POINT PLEASANT — For the second year in a row, bike enthusiasts will have an opportunity to support the development of the Point Pleasant Bike Trail with the Mothman Bicycle Numbers Run.
The event is a six-mile ride with five stops with registration at 11 a.m. and the run starting at noon on Sept. 19, the weekend of the Mothman Festival. Registration takes place near the corner of 6th Street and Main Street. All bicycles are welcome, even those with motors as are children and families though young children must be accompanied by an adult.
Entry fee is $15 to play the numbers run and have a chance at winning the big prize after the five stops. Entry fee is $10 for those under the age of 18 with all proceeds going to the Point Pleasant Bike Trail and its development. There will also be tickets for door prizes which will be awarded after the ride.
The Point Pleasant Bike Trail has gained momentum in the last year, with a clearly marked trail around the city. The trail was introduced as a way to encourage biking and as a destination for those bikers from out of town who wish to explore Point Pleasant. Bike trails have become a major vehicle for recreation in several communities across the country with local resident, Gabe Roush, initially going to Point Pleasant City Council about establishing one with council giving him its full support.

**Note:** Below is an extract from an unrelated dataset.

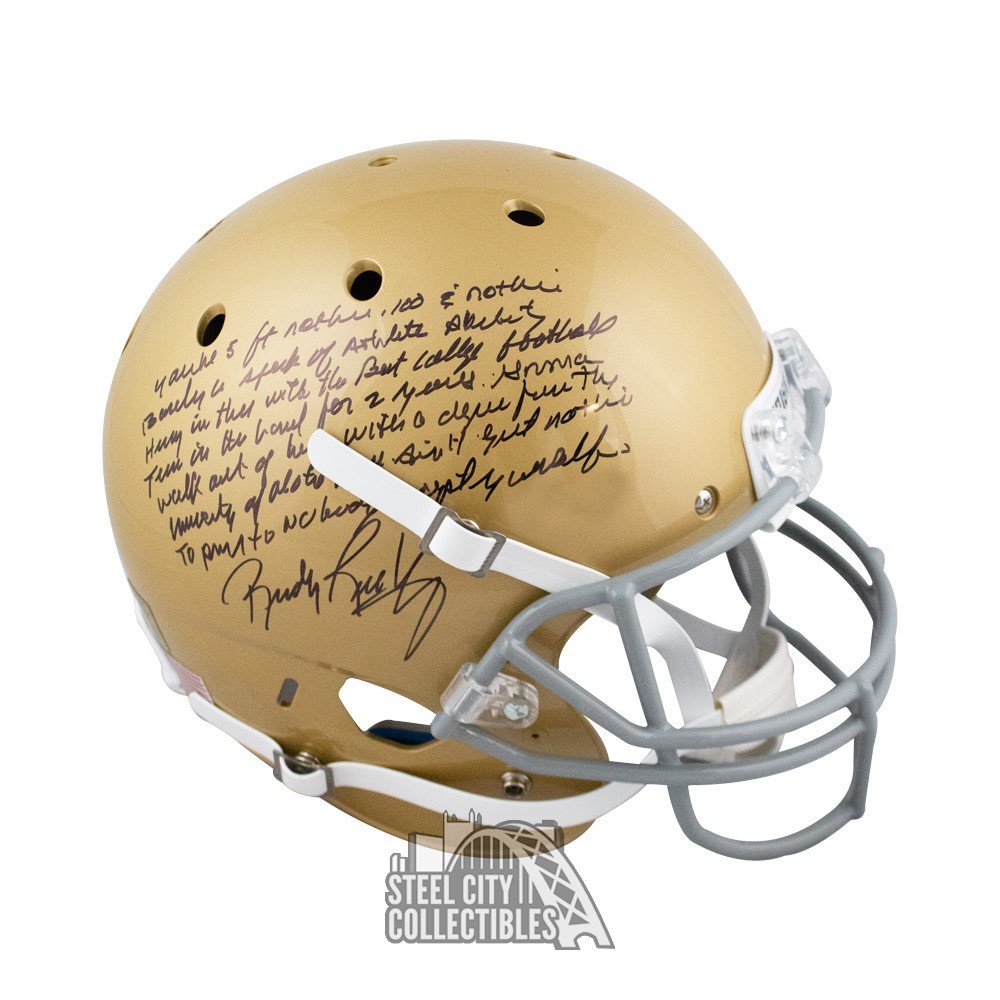 JSA W Auth w/o Base Rudy Ruettiger Signed Notre Dame Riddell F/S Helmet w/The Story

Roush still has plans to grow the trail in stages which is why the numbers run is so important to continue funding for the project. As for the next phase of the trail, Roush said the Point Pleasant Bike Trail Committee is currently in the planning phase of building a trail that connects Tu-Endie-Wei Park to Krodel park.
“At this point in time, we are looking into the most feasible way to accomplish this,” Roush said. “We’d love to have the trail run along the top of the earthen floodwall that surrounds First and Second streets along the Kanawha river. If that plan fails, we would like to run it along the outside base of the wall. With our proposed plan, we need the permission of a couple residents to utilize small portions of their property. We have been in contact with them and we are hoping for the best. However, we do have potential back up plans if we do not receive the needed permission.”

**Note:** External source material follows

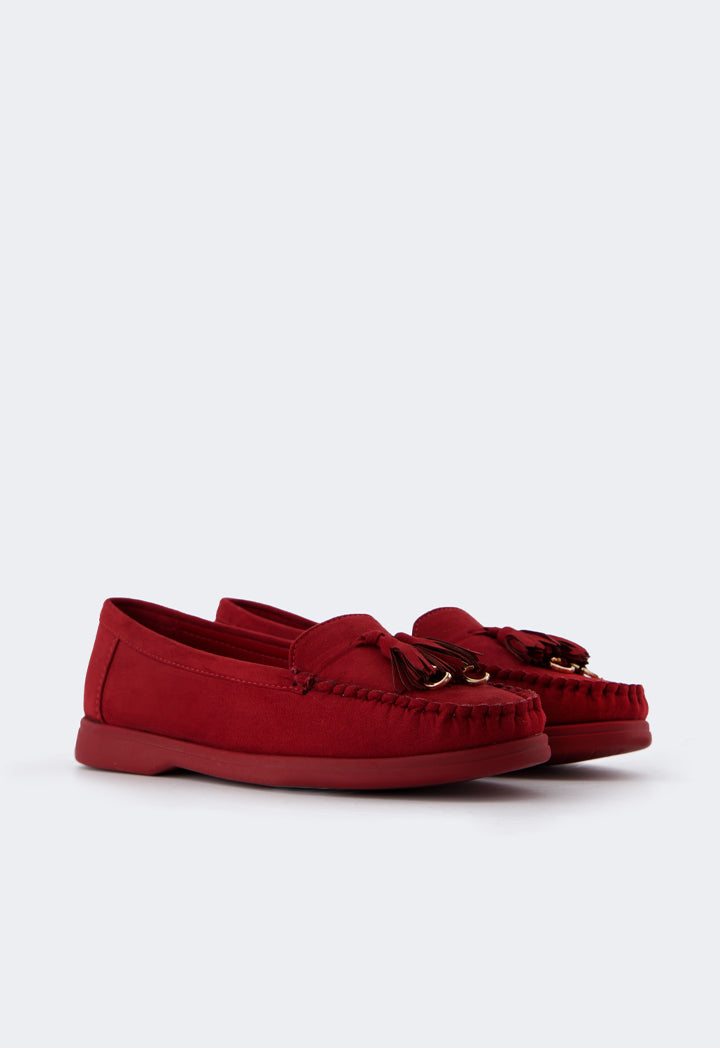 Choice Tassel Suede Loafers Maroon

Roush said next, the committee would have to hire an engineer to draw up detailed plans before presenting it to the US Army Corp of Engineers for their final approval before proceeding.
“These are all things that we have to accomplish before we will be competitive for the grants that allot larger sums of money,” Roush said. “In all, the potential cost of this project ultimately depends on which route we’re able to proceed with. We understand that this is a large undertaking, but we feel that this phase of the bike trail is the most important because it makes traveling between two of our most utilized parks easier for cyclists and pedestrians alike. With all of this being said, the committee will continue smaller projects over the coming months. Projects such as installing bike racks at various locations and working with the state to post ‘share the road’ signs are already in the works.”
As for how the existing trail has been received so far, Roush said he’s heard nothing but positive feedback.
“After talking to a couple locals, they’ve told me that they’ve seen an increase in people out riding bikes through town this summer,” Roush added. “The current posted route is geared more toward the folks visiting who may not know their way around, and we understand that the people of Point Pleasant aren’t going to ride only the marked ‘safe bike route.’ However, I do believe that the posted signs and the attempt to make Point more bike friendly do encourage folks to get out and ride. That encouragement to get out and be active is our ultimate goal.”
Roush and those on the committee believe the trail is important because, as Roush put it: “It (the trail) is a new and refreshing idea to better our community. It is something that engages every generation that lives in our area. As a younger person, I’ve noticed that there seems to be more things geared toward older generations, but a project like this can offer so much to both young and old alike. Also, bike trails give people a reason to go out and be active, which can improve the health and wellness of our citizens.
Roush went on to say: “With our state’s recent history of health issues, a bike trail can help combat such problems in our area. Lastly, a bike trail could potentially bring in more tourism and business for our town. Many people around the country travel to different areas to explore trails and areas where cyclists are welcome. The way that I see it is, if a person comes here to ride their bike, they will see the Mothman Museum and want to check that out. Then, maybe, they see the Mason Jar and decide to stop in to find a treasure to purchase. At that point they’re hungry, so maybe they stop at the Down Town Deli for lunch. What this equation produces is money spent at our local small businesses. If we can build a respectable trail, then there is a new draw to our already beautiful town.”